Why have the Rolling Stones proved so durable? Wyman and Jagger once answered that question in unison, with 'Charlie Watts', but actually the answer must be Jagger. When he loses interest, the Stones fall apart. For most of the 1980s they went their separate ways and at the Philadelphia Live Aid concert in 1985, Jagger did a solo set with Tina Turner, while Keith and Woody provided backing for Bob Dylan (not very well, by all accounts). The Stones hadn't officially split up, but they had no imminent plans to get together. And then Jagger got a call from Prince Rupert Loewenstein, their financial director, about the effects of the Wall Street crash on their investments, and suddenly they were planning another tour (Steel Wheels), which would be the first of many. The sad thing is that nowadays they only get together on tour or occasionally at funerals. Last year, they managed to record a track (Dylan's Watching the River Flow) for a tribute album to Ian Stewart, the band's late keyboardist, without ever meeting.

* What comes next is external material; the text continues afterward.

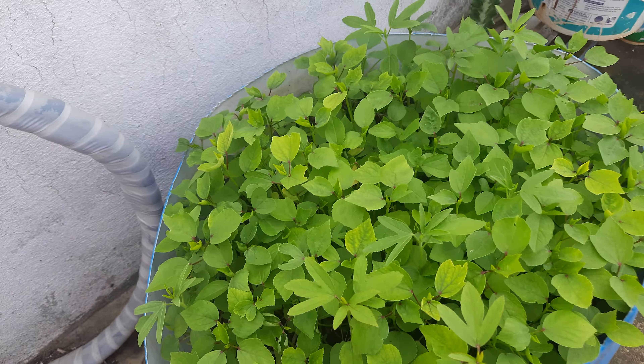I will show you how to make compost in this video. I have a senior gardener who is doing everything. I will show you how to do it here. I will show you how to make a gardener.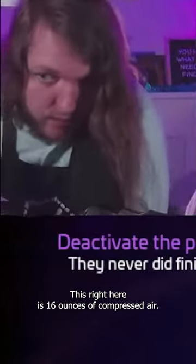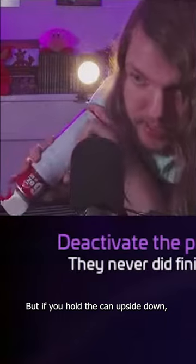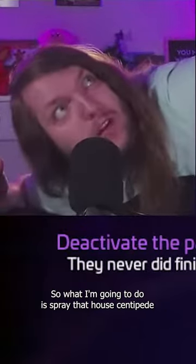This right here is 16 ounces of compressed air, store-bought — it just shoots air. But if you hold the can upside down, it shoots out a frigidly cold little beast of liquid. So what I'm gonna do is spray that house centipede with the cold liquid, which should...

I would have thought the publication in 2010 of Keith's brilliant memoir, Life, would have raised the bar for books about the Stones, but apparently not - Christopher Sandford's is the mixture very much as before, and written in that ghastly patronising, jaded tone that seems to be a staple of rock writing. I almost threw the book away when I found it describing Let's Spend the Night Together as 'well-made music to Stairmaster to'. Sandford has previously written well-received biographies of Jagger and Richards, but this is a tired old rehash job. The last chapter on the past decade is particularly thin.